Understand how to configure and run AI models directly on-device using the
Unity Inference Engine.
Learn how to convert, serialize, and quantize .onnx models into optimized
.sentis assets for faster performance.
Implement model warm-up routines to prevent stutters and ensure smooth runtime
initialization.
Optimize inference with GPU-based Non-Max Suppression (NMS) and Split
Over Frames scheduling.
How to transform 2D object detections into spatially anchored 3D
visualizations using DepthTextureAccess.
On-device inference allows AI models to run directly on Meta Quest headsets,
eliminating network dependencies and enabling low-latency processing. This
capability is powered by the
Unity Inference Engine
(formerly Unity Sentis), which executes ONNX or Sentis models efficiently on
CPU or GPU backends. Running inference on-device enables instant feedback,
offline operation, and complete data privacy.
Why Run Models On-Device
Benefit
Description
Offline Operation
Works fully offline — essential for exhibitions, enterprise, and privacy-sensitive apps.
Ultra-Low Latency
All computation runs locally, removing network delays.
Full Privacy
Sensitive inputs like passthrough images never leave the device.
Deterministic Performance
Performance remains stable regardless of network or server load.
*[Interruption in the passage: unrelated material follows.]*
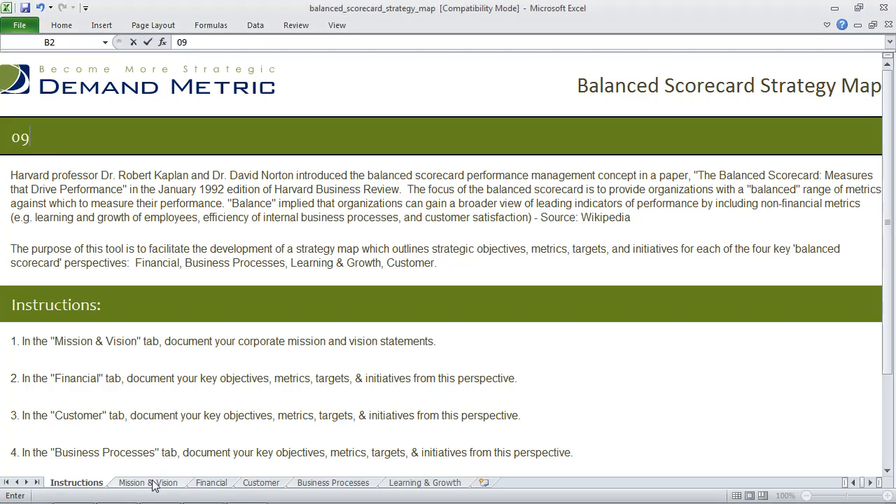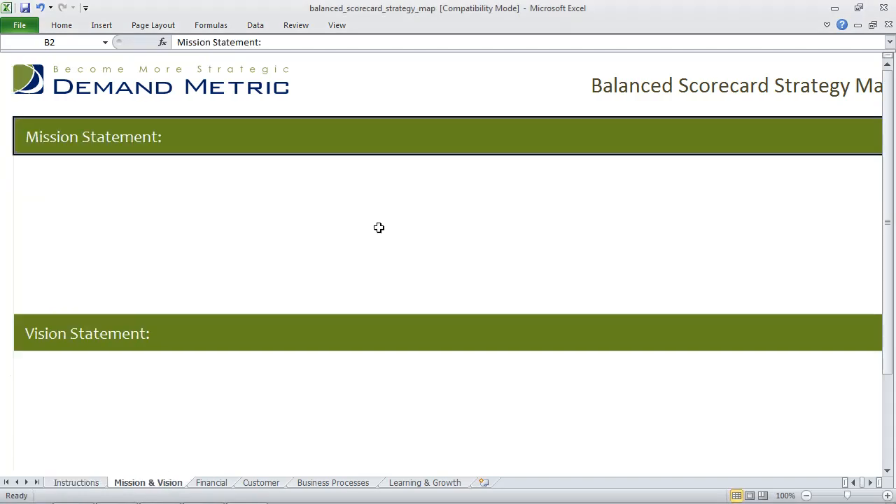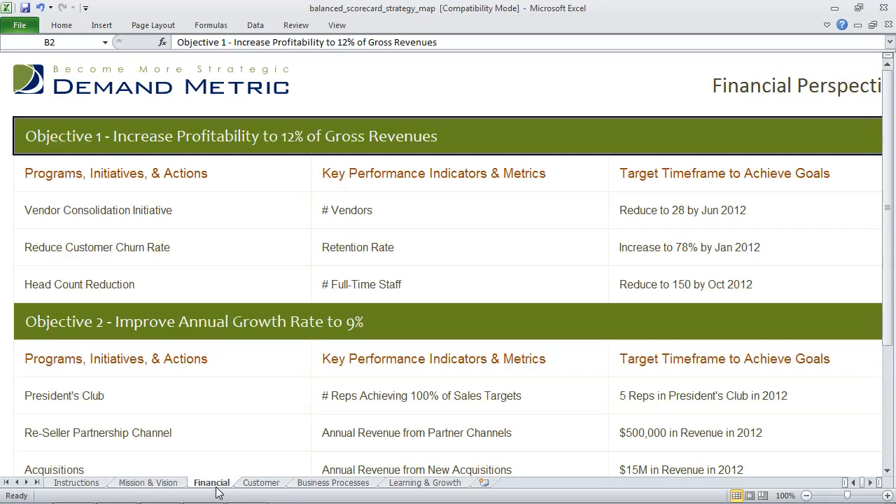The center of the balanced scorecard strategy map is the mission and vision statement, which you've outlined on the tab provided. Next we go to the financial tab where we outline the different objectives, programs, initiatives, and actions, key performance indicators and metrics, and target timeframes to achieve your goals.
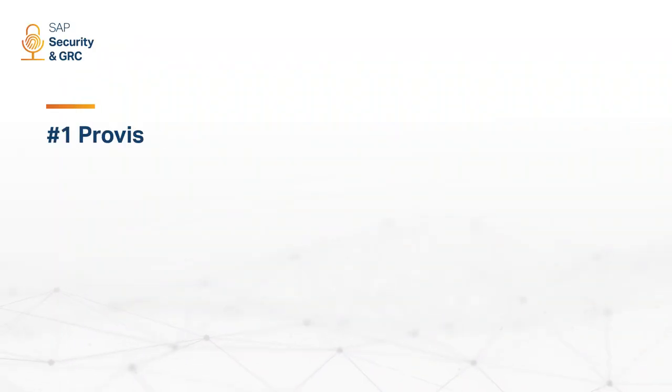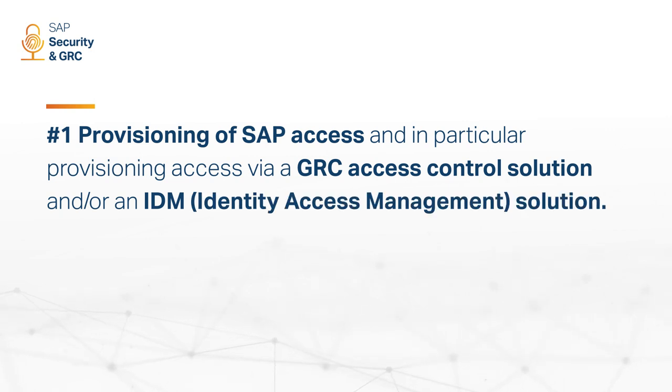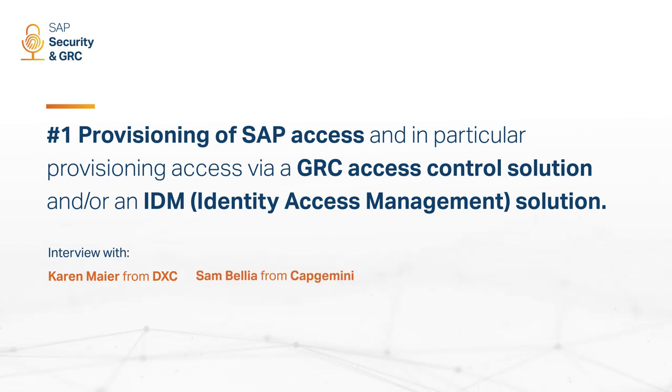Hi everybody, this is Karen from Satarian. You're listening to the SAP Security and GRC podcast with host Dudley Cartwright, the show for people who prioritize risk in their organization and want to go about it by working smart, not hard. On this episode, we'll be talking about provisioning of SAP access — in particular, provisioning access via a GRC access control solution and/or an identity access management solution. We'll be joined by industry experts Karen Mayer from DXC, Sam Bilia from Capgemini, and Quintus Herget from Linkies Consulting.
The UnityInferenceEngineProvider
The UnityInferenceEngineProvider is the bridge between Unity and the on-device
inference runtime. It wraps your AI model asset (for example, .onnx or
.sentis) and provides configuration options for execution backend, frame
scheduling, and GPU-based post-processing.
Inspector Parameters
Field
Description
Model Asset
The trained model file (.onnx or .sentis).
Backend Type
Choose between CPU and GPUCompute backends.
Split Over Frames
Run a portion of the model per frame to maintain framerate.
Layers Per Frame
Number of layers to execute each frame (used when splitting).
NMS Compute Shader
Optional GPU Non-Max Suppression for faster bounding box filtering.
Class Labels File
Optional .txt file mapping class indices to readable labels.
Model Conversion, Serialization, and Quantization
This guide is for when you are planning to use your own models for the Object
Detection Building Block, for example. Converting, serializing, and quantizing
your models are key steps to prepare them for efficient runtime execution in
Unity. These optimizations ensure faster load times, lower memory usage, and
consistent performance across devices. The following sections explain how to
clean up ONNX models, convert them into Unity’s optimized .sentis format,
and optionally serialize or quantize them for deployment.
To make this process easier, Meta provides an editor window located at Meta →
Tools → Unity Inference Engine → ONNX → Sentis Converter, which allows you to
import, clean up, quantize, and export your ONNX models as optimized
.sentis assets with just a few clicks. The following sections explain how
to use this tool and how to serialize or quantize models for deployment.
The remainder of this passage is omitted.